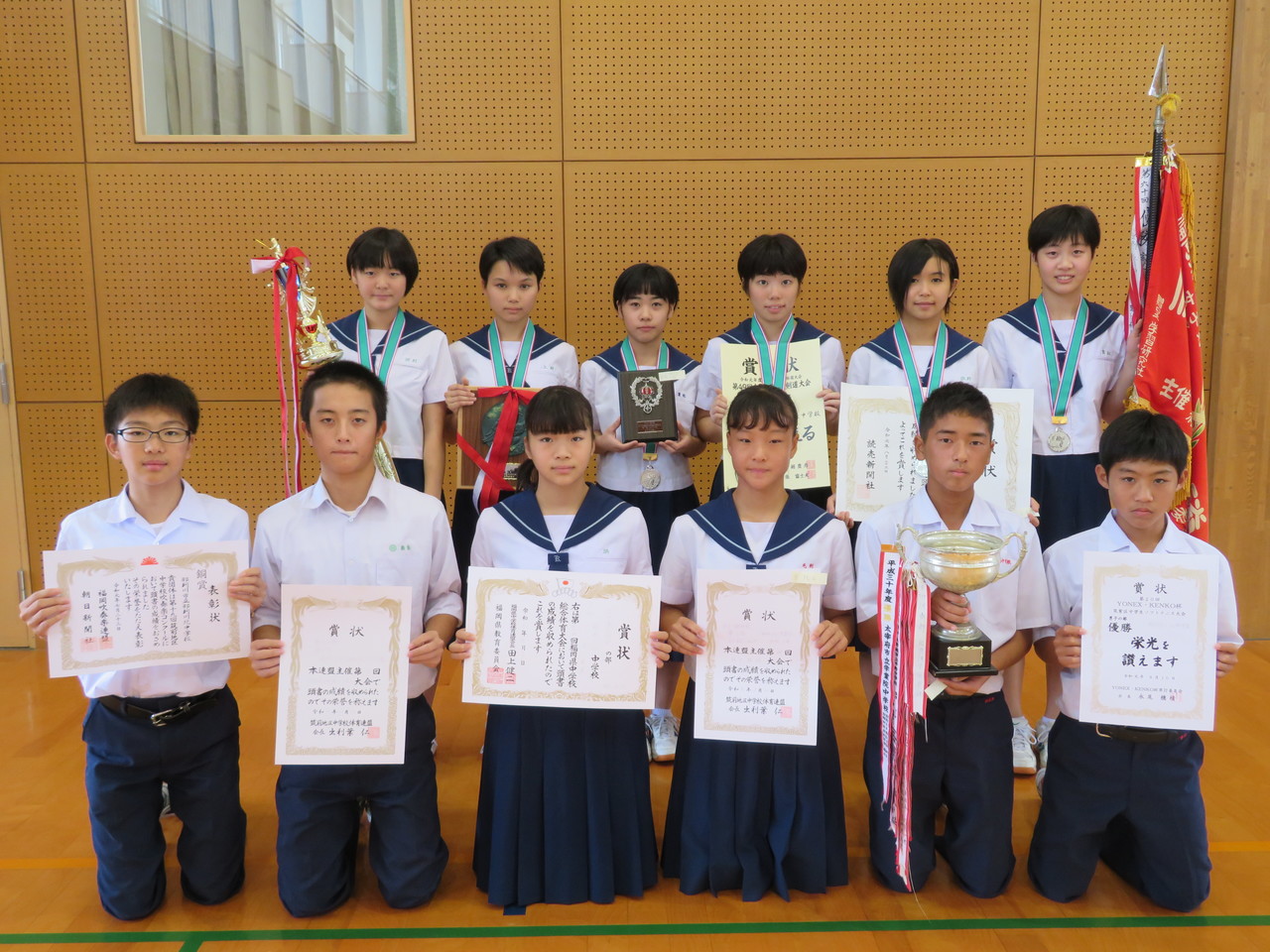 那珂川北中学校 活躍した部活の生徒たち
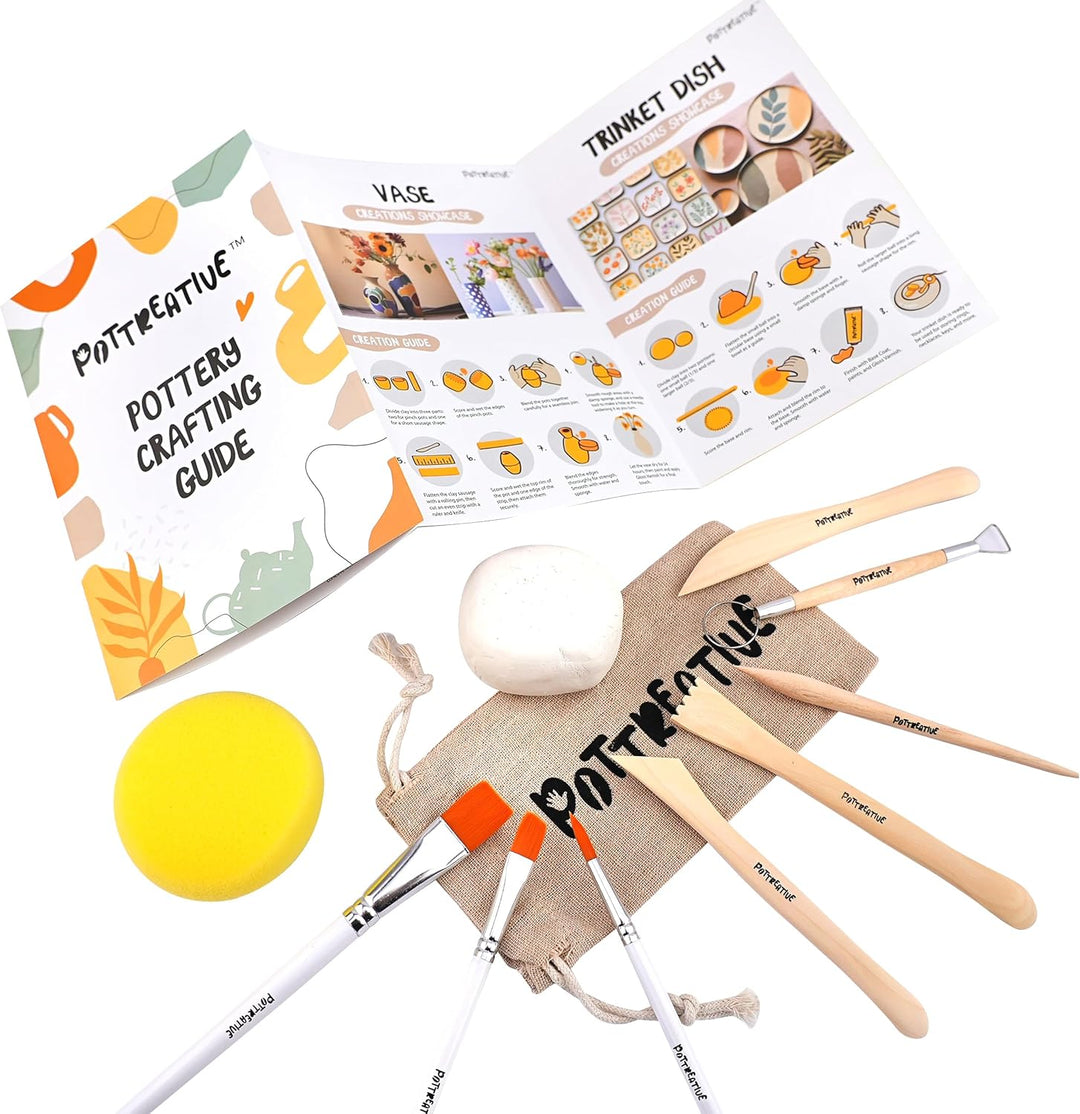 POTTREATIVE Lufttrocknendes Ton-Töpferset für Anfänger. DIY-Lufttrocknendes Ton-Set für Erwachsene.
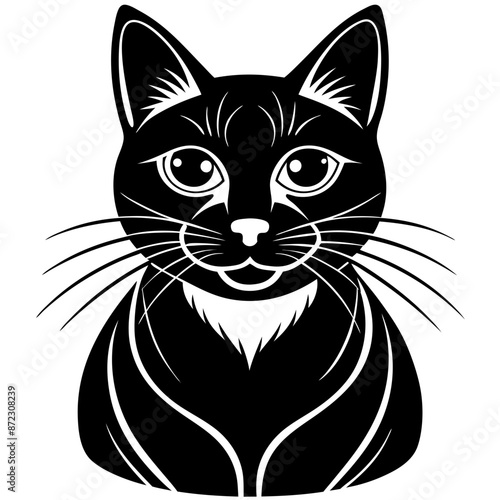 black and white Cat silhouette vector © Aynal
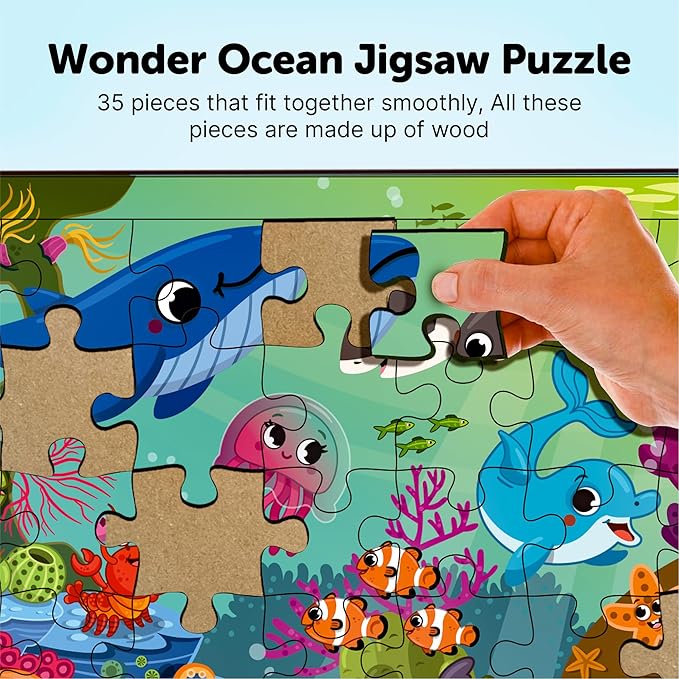 Mini Leaves 35 Piece Puzzle for Kids | Ocean Animals Jigsaw Puzzle | Educational Toys for Kids 3+ Years With Wooden Tray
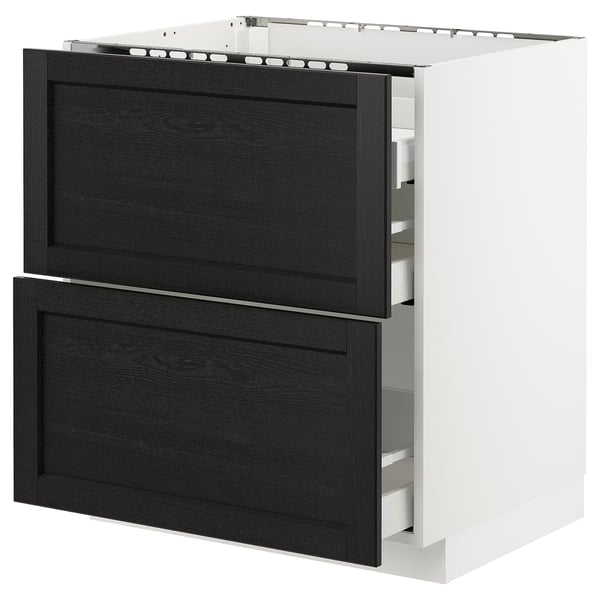 METOD Base cab f hob/2 fronts/3 drawers, white Maximera/Lerhyttan black stained, 75x60x80 cm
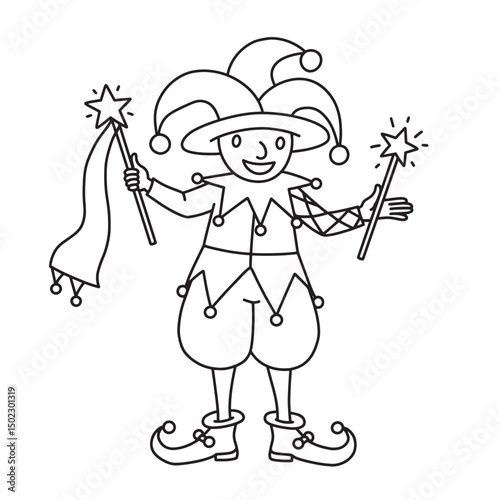 Vector illustration of a cheerful jester holding magic wands and wearing costume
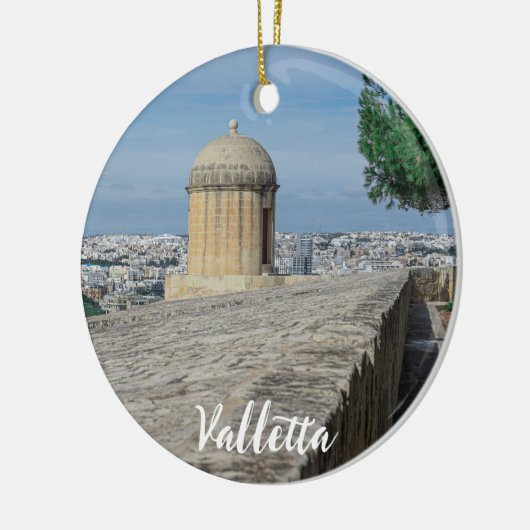 Gun turret auf alten Stadtmauern in Valletta, Malt Keramik Ornament (Links)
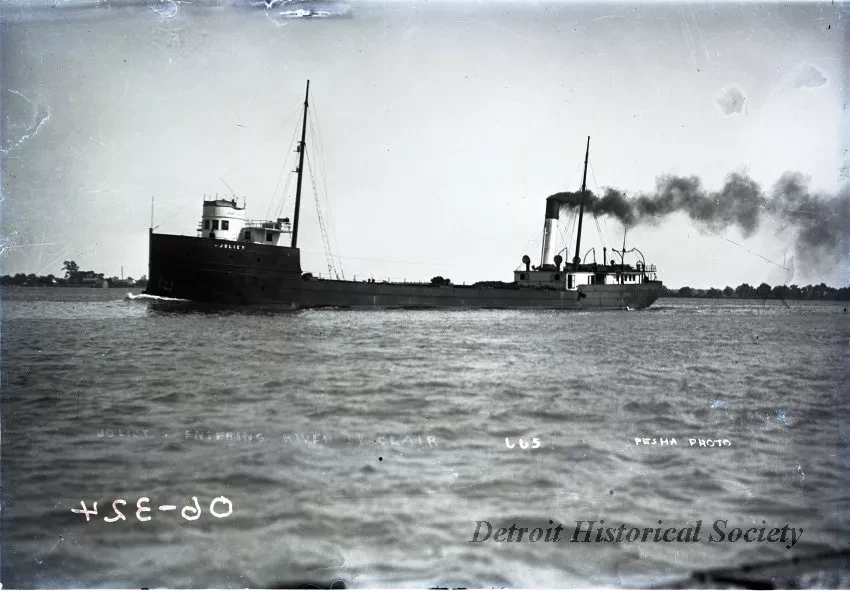 Negative, Glass-plate - JOLIET Entering River St Clair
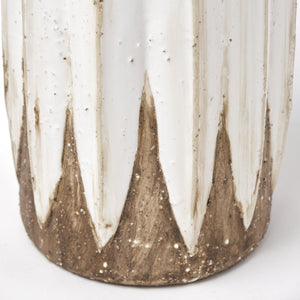 18" Brown And White Abstract Cylinder Ceramic Table Vase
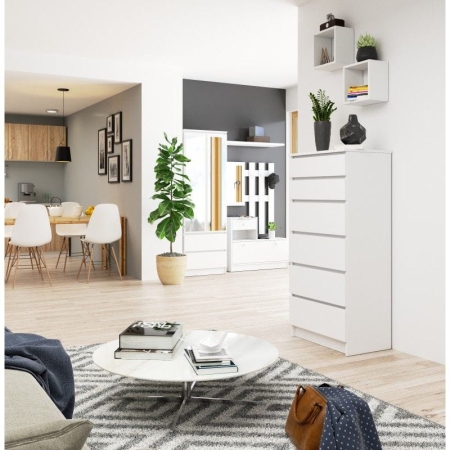 Komoda do sypialni, pokoju, 6 szuflad, STILO, 60x40x130 cm, biel, mat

→ Work instruction: The records above must be repeated exactly, minus their pictures.

→ Task solution:
 那珂川北中学校 活躍した部活の生徒たち
 POTTREATIVE Lufttrocknendes Ton-Töpferset für Anfänger. DIY-Lufttrocknendes Ton-Set für Erwachsene.
 black and white Cat silhouette vector © Aynal
 Mini Leaves 35 Piece Puzzle for Kids | Ocean Animals Jigsaw Puzzle | Educational Toys for Kids 3+ Years With Wooden Tray
 METOD Base cab f hob/2 fronts/3 drawers, white Maximera/Lerhyttan black stained, 75x60x80 cm
 Vector illustration of a cheerful jester holding magic wands and wearing costume
 Gun turret auf alten Stadtmauern in Valletta, Malt Keramik Ornament (Links)
 Negative, Glass-plate - JOLIET Entering River St Clair
 18" Brown And White Abstract Cylinder Ceramic Table Vase
 Komoda do sypialni, pokoju, 6 szuflad, STILO, 60x40x130 cm, biel, mat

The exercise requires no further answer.